• [THE TASK] Please reproduce the data in its entirety, word for word.

• [GIVEN MATERIAL]
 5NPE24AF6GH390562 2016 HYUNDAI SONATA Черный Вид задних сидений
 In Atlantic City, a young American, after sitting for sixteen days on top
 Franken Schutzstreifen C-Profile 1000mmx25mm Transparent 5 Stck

• [RESULT OF THE TASK]
 5NPE24AF6GH390562 2016 HYUNDAI SONATA Черный Вид задних сидений
 In Atlantic City, a young American, after sitting for sixteen days on top
 Franken Schutzstreifen C-Profile 1000mmx25mm Transparent 5 Stck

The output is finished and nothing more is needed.